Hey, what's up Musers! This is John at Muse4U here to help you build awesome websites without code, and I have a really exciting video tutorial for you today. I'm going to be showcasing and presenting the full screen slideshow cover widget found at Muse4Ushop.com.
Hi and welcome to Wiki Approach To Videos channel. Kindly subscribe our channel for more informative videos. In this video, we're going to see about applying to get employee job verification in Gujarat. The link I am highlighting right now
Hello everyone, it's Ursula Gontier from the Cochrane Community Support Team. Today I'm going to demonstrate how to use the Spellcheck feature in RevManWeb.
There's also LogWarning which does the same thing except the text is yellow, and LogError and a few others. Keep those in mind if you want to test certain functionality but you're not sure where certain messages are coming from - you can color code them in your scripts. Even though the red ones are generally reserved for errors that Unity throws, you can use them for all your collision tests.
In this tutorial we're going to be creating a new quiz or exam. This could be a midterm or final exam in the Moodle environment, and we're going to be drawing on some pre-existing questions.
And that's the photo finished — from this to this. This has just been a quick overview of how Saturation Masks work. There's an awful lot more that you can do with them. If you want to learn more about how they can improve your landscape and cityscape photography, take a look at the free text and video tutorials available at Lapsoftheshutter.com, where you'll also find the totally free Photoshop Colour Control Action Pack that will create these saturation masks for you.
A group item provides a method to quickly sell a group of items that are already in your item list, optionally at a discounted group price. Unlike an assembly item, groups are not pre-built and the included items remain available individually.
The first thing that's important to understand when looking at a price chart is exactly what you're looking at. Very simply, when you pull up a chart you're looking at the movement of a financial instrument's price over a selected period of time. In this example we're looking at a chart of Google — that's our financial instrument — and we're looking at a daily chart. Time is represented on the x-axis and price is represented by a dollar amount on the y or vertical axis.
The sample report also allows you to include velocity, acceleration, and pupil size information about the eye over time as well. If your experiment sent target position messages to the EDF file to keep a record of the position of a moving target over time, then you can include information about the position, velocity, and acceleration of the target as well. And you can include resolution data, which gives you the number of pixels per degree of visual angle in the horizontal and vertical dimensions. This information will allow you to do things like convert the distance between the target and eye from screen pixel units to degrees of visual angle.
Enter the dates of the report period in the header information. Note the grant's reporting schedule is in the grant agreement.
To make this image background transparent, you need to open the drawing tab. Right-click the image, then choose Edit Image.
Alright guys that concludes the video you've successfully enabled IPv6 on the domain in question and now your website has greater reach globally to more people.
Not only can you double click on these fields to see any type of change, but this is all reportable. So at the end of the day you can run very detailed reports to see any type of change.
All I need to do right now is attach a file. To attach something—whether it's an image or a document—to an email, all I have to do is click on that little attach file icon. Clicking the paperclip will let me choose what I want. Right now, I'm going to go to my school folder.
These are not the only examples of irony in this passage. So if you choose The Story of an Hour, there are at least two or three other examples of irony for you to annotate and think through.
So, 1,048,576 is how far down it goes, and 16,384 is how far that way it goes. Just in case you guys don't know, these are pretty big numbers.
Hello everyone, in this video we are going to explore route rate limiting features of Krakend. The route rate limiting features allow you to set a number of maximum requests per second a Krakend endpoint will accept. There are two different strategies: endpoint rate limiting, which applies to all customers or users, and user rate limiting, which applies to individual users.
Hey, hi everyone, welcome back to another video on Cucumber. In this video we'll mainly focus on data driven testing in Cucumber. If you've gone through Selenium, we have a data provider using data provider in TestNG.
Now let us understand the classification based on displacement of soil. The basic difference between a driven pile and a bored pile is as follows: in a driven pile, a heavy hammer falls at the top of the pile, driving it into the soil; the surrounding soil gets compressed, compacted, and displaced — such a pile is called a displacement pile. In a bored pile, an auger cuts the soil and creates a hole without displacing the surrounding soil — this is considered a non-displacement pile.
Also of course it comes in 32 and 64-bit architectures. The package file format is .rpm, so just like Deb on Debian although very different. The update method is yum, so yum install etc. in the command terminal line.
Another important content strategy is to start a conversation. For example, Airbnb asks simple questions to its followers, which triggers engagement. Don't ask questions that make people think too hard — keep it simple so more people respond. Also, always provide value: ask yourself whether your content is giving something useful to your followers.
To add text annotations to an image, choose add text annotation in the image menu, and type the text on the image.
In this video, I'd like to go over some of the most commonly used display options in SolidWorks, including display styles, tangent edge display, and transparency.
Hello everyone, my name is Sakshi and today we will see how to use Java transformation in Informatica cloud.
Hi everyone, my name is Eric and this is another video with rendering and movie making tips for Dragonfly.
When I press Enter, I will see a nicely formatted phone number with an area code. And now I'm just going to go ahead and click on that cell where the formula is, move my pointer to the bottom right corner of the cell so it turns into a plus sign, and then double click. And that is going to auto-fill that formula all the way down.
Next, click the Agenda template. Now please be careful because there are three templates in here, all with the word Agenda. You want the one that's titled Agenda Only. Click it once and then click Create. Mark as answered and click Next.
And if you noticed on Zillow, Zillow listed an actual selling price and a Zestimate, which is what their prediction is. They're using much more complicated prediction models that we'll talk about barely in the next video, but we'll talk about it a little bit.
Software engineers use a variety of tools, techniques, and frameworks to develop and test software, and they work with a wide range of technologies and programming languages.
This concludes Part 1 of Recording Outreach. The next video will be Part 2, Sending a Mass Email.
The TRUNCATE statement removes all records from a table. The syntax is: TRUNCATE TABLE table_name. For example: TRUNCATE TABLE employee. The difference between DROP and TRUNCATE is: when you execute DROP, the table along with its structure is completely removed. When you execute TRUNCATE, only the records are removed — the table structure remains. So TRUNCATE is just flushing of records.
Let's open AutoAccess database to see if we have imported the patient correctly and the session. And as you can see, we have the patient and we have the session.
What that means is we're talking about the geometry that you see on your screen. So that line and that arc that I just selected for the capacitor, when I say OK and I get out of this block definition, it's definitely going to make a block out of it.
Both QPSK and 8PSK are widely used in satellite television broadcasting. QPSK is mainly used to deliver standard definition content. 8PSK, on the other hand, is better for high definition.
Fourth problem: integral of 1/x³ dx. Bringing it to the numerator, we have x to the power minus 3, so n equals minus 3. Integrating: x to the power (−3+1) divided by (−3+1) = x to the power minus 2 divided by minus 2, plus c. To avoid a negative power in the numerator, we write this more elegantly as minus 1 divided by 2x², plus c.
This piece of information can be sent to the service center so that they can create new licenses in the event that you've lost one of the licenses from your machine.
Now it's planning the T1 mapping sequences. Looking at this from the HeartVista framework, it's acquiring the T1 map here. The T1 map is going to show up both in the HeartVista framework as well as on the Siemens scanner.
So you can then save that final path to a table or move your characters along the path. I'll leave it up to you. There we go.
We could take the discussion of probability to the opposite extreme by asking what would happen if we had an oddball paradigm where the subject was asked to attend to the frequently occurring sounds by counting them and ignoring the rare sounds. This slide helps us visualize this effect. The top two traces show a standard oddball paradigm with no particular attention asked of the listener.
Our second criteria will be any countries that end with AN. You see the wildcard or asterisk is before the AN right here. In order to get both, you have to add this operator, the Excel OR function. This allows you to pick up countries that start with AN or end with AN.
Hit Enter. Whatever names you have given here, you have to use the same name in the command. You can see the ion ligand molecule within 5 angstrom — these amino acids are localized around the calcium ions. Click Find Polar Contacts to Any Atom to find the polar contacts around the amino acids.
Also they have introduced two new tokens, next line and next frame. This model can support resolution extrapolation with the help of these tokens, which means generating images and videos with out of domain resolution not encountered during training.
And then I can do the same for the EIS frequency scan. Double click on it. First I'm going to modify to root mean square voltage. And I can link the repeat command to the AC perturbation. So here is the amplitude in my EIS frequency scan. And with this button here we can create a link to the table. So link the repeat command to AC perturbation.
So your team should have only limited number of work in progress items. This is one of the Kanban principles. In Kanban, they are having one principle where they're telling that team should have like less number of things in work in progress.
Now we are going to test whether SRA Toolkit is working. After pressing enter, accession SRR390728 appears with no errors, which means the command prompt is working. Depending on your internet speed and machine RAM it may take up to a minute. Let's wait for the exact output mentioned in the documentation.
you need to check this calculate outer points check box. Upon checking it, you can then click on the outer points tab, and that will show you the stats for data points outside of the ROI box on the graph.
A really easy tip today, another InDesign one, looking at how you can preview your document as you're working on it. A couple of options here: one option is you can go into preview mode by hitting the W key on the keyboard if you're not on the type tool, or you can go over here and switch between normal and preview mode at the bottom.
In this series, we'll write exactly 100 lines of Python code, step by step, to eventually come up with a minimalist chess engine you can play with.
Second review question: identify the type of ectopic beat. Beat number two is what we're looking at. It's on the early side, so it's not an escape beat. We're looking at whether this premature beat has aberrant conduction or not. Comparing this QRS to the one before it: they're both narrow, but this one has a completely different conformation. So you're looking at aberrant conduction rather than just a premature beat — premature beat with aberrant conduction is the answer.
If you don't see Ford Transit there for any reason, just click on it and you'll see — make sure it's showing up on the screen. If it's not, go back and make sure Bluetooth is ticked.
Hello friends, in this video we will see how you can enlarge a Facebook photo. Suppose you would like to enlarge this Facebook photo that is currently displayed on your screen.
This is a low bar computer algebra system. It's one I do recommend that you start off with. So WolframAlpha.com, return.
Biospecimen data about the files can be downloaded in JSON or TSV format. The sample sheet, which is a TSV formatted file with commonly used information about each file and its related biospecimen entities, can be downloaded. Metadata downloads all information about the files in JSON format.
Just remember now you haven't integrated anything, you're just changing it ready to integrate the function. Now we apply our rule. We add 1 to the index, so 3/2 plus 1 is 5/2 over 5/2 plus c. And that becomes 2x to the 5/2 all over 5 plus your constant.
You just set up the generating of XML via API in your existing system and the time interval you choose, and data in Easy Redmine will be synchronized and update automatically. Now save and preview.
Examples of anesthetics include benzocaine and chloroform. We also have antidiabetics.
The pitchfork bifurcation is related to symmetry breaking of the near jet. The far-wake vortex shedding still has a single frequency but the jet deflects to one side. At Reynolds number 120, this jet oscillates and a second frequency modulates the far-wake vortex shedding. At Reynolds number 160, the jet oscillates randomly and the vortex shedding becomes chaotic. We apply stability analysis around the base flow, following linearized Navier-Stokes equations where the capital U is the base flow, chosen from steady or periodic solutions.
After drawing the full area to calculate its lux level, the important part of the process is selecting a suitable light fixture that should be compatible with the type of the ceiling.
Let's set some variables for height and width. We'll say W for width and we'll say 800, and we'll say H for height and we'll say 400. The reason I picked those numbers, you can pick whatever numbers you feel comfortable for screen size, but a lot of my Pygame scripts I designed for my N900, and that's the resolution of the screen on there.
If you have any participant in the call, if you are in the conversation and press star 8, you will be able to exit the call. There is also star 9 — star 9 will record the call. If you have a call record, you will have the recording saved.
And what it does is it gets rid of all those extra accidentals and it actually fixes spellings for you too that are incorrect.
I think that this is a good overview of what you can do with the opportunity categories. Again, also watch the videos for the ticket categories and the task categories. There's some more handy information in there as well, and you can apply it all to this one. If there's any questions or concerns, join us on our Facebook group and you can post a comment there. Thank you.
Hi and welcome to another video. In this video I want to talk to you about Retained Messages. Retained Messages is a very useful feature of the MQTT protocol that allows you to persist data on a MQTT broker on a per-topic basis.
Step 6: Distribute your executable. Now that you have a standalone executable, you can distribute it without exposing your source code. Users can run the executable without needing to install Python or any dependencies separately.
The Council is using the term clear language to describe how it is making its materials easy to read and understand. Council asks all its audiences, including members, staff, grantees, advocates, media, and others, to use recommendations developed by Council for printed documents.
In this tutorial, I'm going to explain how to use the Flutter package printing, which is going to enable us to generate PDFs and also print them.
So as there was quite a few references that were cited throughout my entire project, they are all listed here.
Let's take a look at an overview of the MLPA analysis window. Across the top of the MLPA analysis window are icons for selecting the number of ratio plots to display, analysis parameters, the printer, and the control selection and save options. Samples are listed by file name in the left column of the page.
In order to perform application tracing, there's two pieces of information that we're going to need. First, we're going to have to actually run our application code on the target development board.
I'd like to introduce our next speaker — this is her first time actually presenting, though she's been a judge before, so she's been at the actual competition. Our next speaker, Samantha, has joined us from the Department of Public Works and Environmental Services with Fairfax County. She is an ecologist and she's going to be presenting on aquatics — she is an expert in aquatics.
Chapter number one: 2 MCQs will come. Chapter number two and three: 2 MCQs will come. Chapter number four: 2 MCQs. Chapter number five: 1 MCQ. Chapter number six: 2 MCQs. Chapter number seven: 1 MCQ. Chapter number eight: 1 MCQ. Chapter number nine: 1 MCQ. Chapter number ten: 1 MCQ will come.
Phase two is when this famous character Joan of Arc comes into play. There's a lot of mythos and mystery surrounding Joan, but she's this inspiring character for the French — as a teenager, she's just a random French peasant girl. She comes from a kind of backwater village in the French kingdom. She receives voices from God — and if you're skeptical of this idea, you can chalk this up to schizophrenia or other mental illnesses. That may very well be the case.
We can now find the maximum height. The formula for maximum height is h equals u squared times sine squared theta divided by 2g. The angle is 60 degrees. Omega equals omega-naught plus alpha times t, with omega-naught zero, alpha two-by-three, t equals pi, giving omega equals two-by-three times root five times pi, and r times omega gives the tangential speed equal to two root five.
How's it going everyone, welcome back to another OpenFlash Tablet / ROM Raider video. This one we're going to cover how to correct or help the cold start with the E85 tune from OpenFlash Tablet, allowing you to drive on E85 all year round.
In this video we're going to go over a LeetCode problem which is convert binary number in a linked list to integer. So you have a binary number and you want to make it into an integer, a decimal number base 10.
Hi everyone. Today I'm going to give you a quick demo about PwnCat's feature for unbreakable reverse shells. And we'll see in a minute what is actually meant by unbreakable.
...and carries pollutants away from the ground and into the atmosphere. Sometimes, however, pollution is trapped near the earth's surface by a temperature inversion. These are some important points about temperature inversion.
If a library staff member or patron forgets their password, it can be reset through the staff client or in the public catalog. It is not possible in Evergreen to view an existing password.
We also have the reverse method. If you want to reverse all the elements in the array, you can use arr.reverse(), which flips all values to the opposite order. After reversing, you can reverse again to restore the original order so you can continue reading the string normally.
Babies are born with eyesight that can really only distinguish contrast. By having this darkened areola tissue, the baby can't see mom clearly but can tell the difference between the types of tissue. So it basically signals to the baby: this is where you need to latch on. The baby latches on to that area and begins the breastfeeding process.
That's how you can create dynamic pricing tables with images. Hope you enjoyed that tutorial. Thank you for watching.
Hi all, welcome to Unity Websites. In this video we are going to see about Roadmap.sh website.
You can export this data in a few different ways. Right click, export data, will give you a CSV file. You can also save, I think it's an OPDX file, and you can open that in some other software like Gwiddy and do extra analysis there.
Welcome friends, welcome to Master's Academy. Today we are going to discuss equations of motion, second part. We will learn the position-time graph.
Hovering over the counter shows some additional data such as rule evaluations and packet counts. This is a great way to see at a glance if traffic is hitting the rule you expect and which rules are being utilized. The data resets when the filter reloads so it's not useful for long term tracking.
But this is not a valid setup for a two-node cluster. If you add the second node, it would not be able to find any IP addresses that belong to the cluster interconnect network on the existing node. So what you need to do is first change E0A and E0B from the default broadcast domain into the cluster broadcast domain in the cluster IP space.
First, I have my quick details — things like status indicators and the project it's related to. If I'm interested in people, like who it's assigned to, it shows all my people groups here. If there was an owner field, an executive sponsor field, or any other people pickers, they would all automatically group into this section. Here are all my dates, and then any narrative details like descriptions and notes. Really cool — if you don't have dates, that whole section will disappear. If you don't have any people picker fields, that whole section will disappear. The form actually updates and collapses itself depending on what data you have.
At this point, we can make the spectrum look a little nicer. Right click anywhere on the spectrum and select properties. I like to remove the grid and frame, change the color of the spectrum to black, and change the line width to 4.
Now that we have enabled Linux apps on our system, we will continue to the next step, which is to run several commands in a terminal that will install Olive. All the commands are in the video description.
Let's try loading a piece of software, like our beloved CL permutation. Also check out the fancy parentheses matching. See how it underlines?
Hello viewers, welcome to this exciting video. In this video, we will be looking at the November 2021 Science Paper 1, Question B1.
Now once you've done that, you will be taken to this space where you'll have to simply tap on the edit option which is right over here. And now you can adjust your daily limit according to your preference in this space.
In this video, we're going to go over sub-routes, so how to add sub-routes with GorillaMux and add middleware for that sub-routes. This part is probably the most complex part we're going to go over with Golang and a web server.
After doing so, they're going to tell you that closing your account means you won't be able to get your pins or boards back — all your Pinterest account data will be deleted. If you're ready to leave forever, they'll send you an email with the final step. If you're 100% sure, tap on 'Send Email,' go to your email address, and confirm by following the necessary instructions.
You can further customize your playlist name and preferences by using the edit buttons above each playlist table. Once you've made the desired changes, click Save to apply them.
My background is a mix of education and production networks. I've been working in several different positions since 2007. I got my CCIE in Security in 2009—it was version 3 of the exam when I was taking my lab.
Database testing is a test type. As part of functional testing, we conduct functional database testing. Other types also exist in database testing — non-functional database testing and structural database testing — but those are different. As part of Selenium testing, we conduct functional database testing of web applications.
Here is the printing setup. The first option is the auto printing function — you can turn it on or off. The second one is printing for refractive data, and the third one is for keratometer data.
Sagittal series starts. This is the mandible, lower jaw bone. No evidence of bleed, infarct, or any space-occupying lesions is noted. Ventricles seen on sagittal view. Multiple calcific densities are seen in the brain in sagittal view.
===============
**Problem requirements**. Using the entries above, output exactly the lines between the line holding "Hi everyone, my" and the line holding "When I press", end lines included, and nothing more.

**Exercise result**.
Hi everyone, my name is Eric and this is another video with rendering and movie making tips for Dragonfly.
When I press Enter, I will see a nicely formatted phone number with an area code. And now I'm just going to go ahead and click on that cell where the formula is, move my pointer to the bottom right corner of the cell so it turns into a plus sign, and then double click. And that is going to auto-fill that formula all the way down.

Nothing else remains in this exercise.